ASIO director-general Mike Burgess has told hearings of various parliamentary committees that the threat posed by various groups is great and that the inability to track things more precisely is frustrating nine out of 10 priority counter-terrorism cases.
Burgess told Senate Estimates in October that he believed encrypted messaging platforms shouldn’t be beyond the rule of law where lawful access to material posted or promulgated by persons of interest is concerned. “They shouldn’t be safe havens through which people can promote radicalisation or engage in and discuss matters of violent extremism, for example, in a way that is deniable to law enforcement under warrant having access to such communications,” he said.
ASIO’s struggle is consistent with international intelligence agencies that would like to prise open the secretive world of encrypted messaging applications to prevent the planning and execution of acts of extreme violence. Jihadist groups such as al Qaeda and Islamic State have used encrypted apps as a preferred communication tool, with action being taken in recent years by administrators of one prominent encrypted platform to remove accounts affiliated with supporters of Islamist ideology.
The Simon Wiesenthal Center in the US monitors how extremist activity has morphed. Its July 2020 report on encrypted messaging application Telegram said the platform had started to kick accounts affiliated with Islamist activity off their servers.
Europol and Telegram began working together in November 2019 to eradicate channels promoting jihadist propaganda. Telegram publishes a daily update called ISIS Watch that reports how many accounts or bots affiliated with Islamists were removed on any given day. Telegram administrators have removed 205,799 Islamist-affiliated accounts between January and October this year.
In Australia, Telegram, Apple and Google are making it harder for users to search for specific far-right group channels that disseminate propaganda online. Apple and Android devices won’t allow specific channels to be shown on the downloaded version of Telegram. Administrators of extremist channels, however, provide instructions to existing followers so they don’t lose subscribers.
It is, however, more difficult for new people to find extremist channels. The January 6 incident at the White House prompted activity from big tech and server companies when it emerged messaging platform Parler hosted accounts of individuals that were actively agitating for others to attend.
The lives of politicians were threatened on that day, and Parler ran messages urging people to ‘Hang Mike Pence’. A call to lynch the former US vice president recalls scenes described in a fictional novel regarded as core reading in white supremacist and anti-government circles.
Parler was back online some months later and made available again on Apple and Google stores after promising to boost its forum moderation.

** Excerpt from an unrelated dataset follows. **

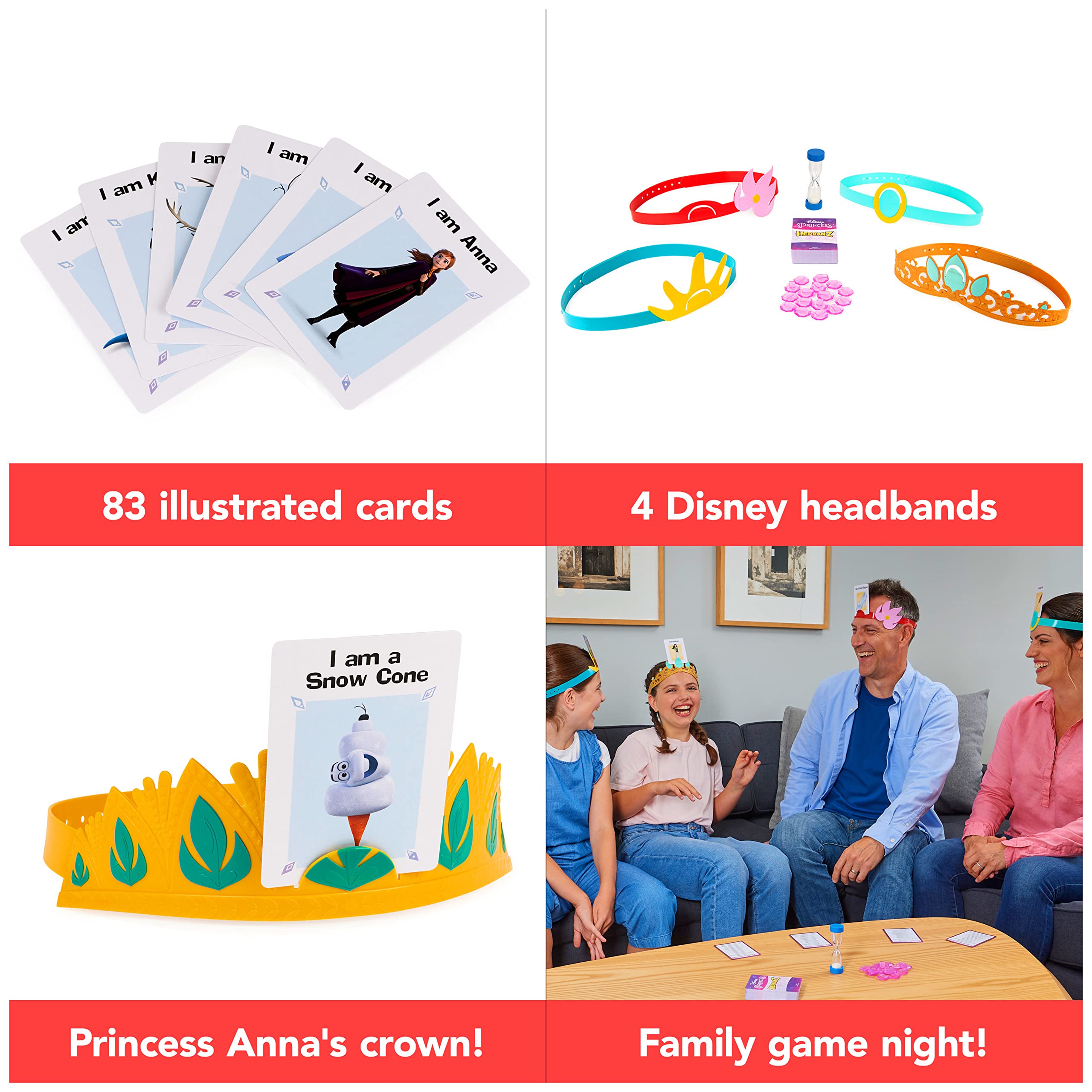 Hedbanz Disney Princess Game with Hedbanz Frozen Game 2-Pack Bundle, Classic Question Game for Kids and Families, Ages 6 and up, Amazon Exclusive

The challenge of de-platforming extremists
The removal of an entire platform, extremist groups and individuals from online forums highlights the notion of de-platforming as a tool to disrupt extremist activity and make the task of recruiting new followers harder.
Professor Greg Barton from Deakin University says the practice of bumping people or groups from online forums and encrypted messaging applications limits the growth and influence of extremist groups irrespective of the ideologies involved.

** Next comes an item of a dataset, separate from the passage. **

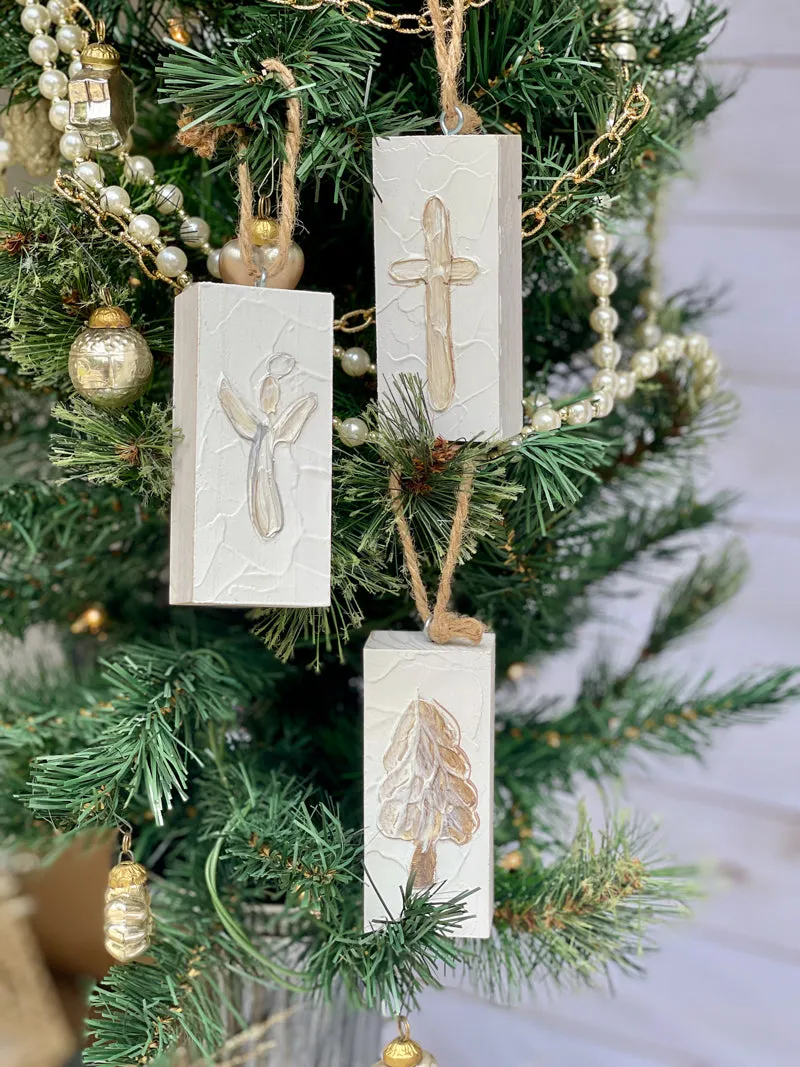 Winter Glow White Painted Christmas Ornament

“We want to try to manage things in such a way that the chance for somebody to recruit or inspire violence is diminished as much as possible,” Barton says. “You don’t want them to run free on big platforms like Facebook or YouTube. It’s easier said than done to catch everything as it comes up and stop it happening.”
Barton says removing prominent extremists from platforms such as Facebook or Twitter doesn’t mean they would be silenced forever. They will find a new digital home where extremist die-hards congregate.
The most active far-right accounts on a particular encrypted messaging application give subscribers access to electronic copies of propaganda, audio and video files, and even messages from group leaders crafted to rally supporters and help them create content.
Bans on individuals, groups and extremist propaganda are among the measures being contemplated by the extremism and radicalism inquiry conducted by the Parliamentary Joint Committee on Intelligence and Security. However, a counter-terrorism expert warns that bans have limitations.
Levi West, director of terrorism studies at Charles Sturt University, says attempts to limit access to extremist propaganda are unlikely to deter individuals already on the hunt for material that accord with their thinking. “It’s a constant challenge,” he says. “People who are determined to get access to extremist material will find a way to do so.
“We can, and have, made it harder, but if someone is determined they will find a way of accessing propaganda irrespective of the obstacles — digital or otherwise — that governments or big tech companies place in front of them. We can’t eradicate ideas, regardless of how objectionable they might be.”